補習校の設立当初の目的は、日本語で日本国内の学校に準じた教育を行い、子どもたちが帰国後に学校や社会への適応が円滑にできるようにすることでした。この目的は、現在も揺らぐことなく継承されています。さらに、さまざまな分野でグローバル化が進む現代において、補習校の果たすべき役割は、日本への帰国を前提としない子どもたちをも含めた日本語教育の支援や学習支援を提供することです。それは、日本のよき理解者、応援者となる大切な人材を育てていくことにもつながります。
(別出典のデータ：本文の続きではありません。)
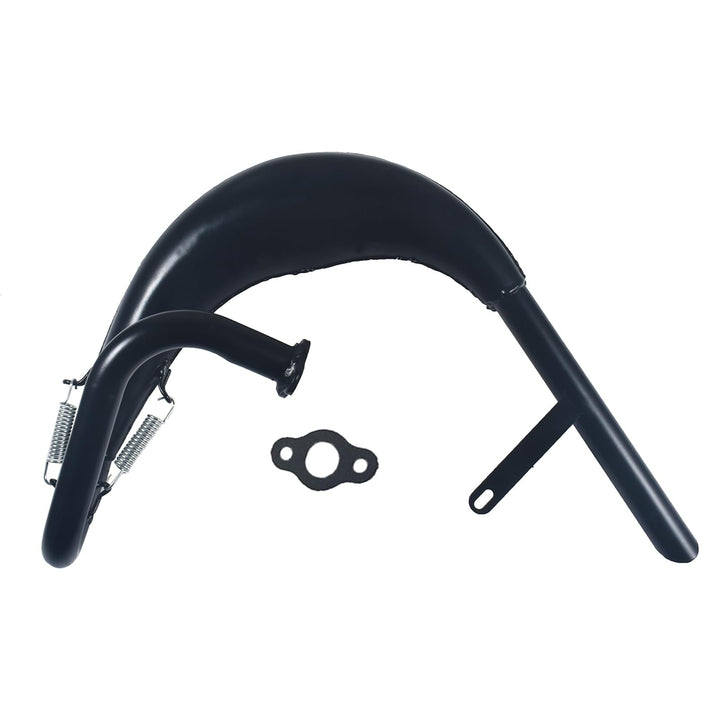 HXGXKBQ front view exhaust showing shape and fit for performance benefit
シアトル日本語補習学校は、日本人の子どもたちに日本人として適切な教育の機会を提供できるように努めています。前述の目的を達成するために、授業では、日本語での国語や算数・数学、社会や理科などの教科学習指導を行っています。また、子どもたちが学業において取り組むための目標も設定しています。
子どもたちが日本を離れて間もない時期には、現地校での学習を優先せざるを得ない現状が生じるのが一般的です。滞在年数が長くなるにしたがって、日本語の語彙や漢字に対する抵抗感も強くなる傾向もあります。その後、補習校に通うことを負担に感じることが出てくることもあるかもしれません。そのような状況を少しでも軽減して、お子様が現地校と本校での学習を両立させ、順調に学校生活を進めていくためにも、以下のことを保護者の皆様にお願いしています。
《日常生活での日本語学習》
・ お子様の年齢に応じた日本語の語彙を、話し言葉や書き言葉の中でできるだけ豊富に使う。
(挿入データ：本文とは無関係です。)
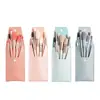 Kit de Pincéis de Maquiagem Mini 8 Peças Venda Quente Transfronteiriça Morandi Portátil Cerdas Macias Ferramentas de Maquiagem Kit de Maquiagem para Iniciantes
・ 挨拶や返事、日本文化に基づいた作法などの基本的なことを家庭でも実践し、アメリカをはじめ、日本以外の国との違いなどと合わせて
考える機会を日常的にもつ。
・ 日本語の文字に対する抵抗感を少なくするために、日本語の図書や新聞、その他の読み物に触れる機会を多くもつ。
・ 日本語で文章を書くことに自信をもたせるために、日本国内の友達や親戚などに定期的に便りなどを書かせてみる。
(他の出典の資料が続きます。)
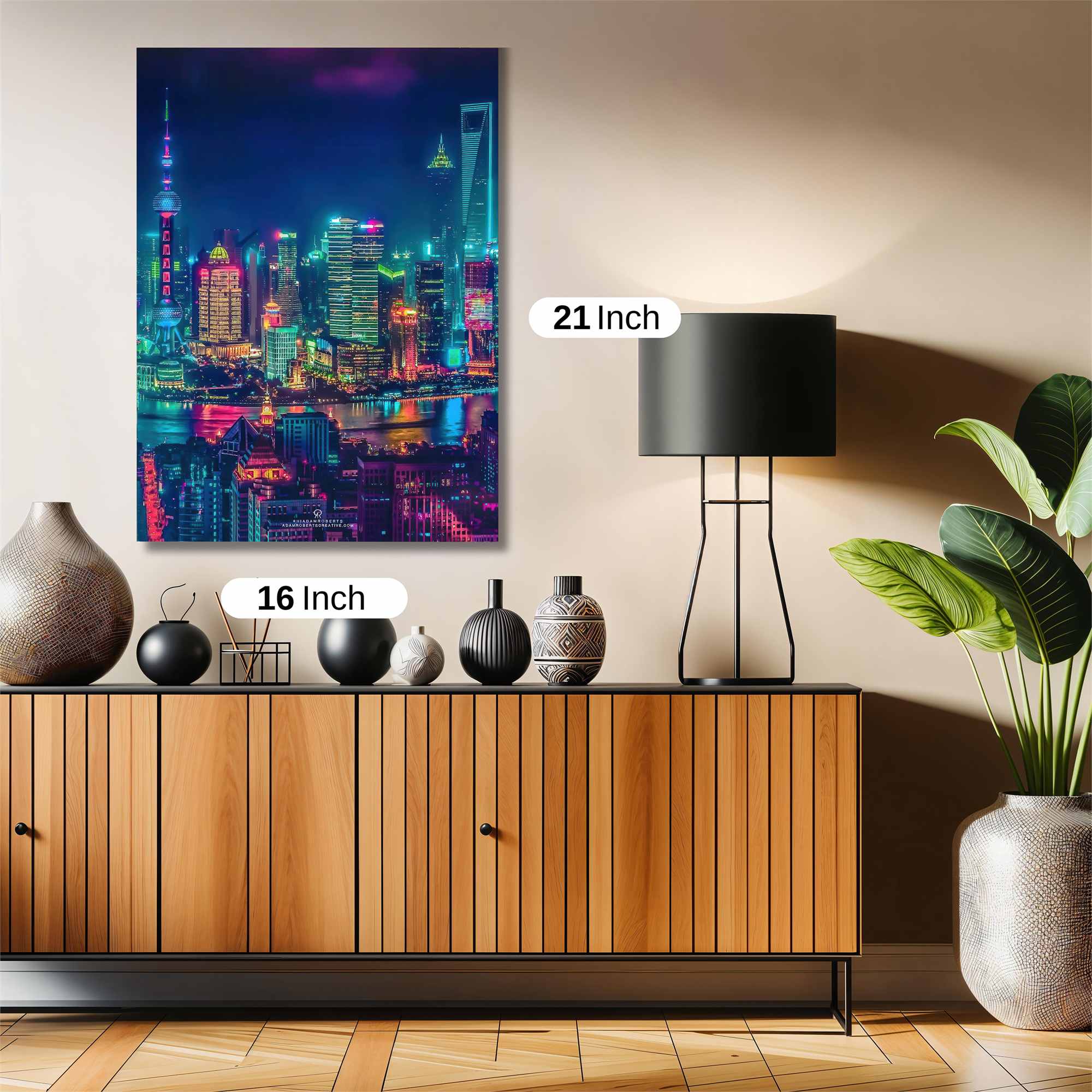 Neon Dreams Safe Wall Magnetic / M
・ 地域社会で日本人と話す機会をできるだけ多くもつと同時に、その状況に応じた敬語の使い方も含めた正しい言葉遣いができるように
配慮する。
・ 日本への関心を高めるために、日本国内ではどのようなことが起きているのか、どのような社会や世界の動きがあるのかをお子様の年齢に
応じて話題にする。
《宿題への取組》
お子様が取り組む宿題を確認することは、本校で行われている学習内容や進度、理解度を保護者の皆様が把握したり、親子のコミュニケーシ
ョンを図ったりすることができるよい機会です。
また、お子様が宿題をやりながら質問してくるときは、日本語指導の絶好の機会ととらえ、子ども目線で教えたり、一緒に考えたりすること
に心がけてみましょう。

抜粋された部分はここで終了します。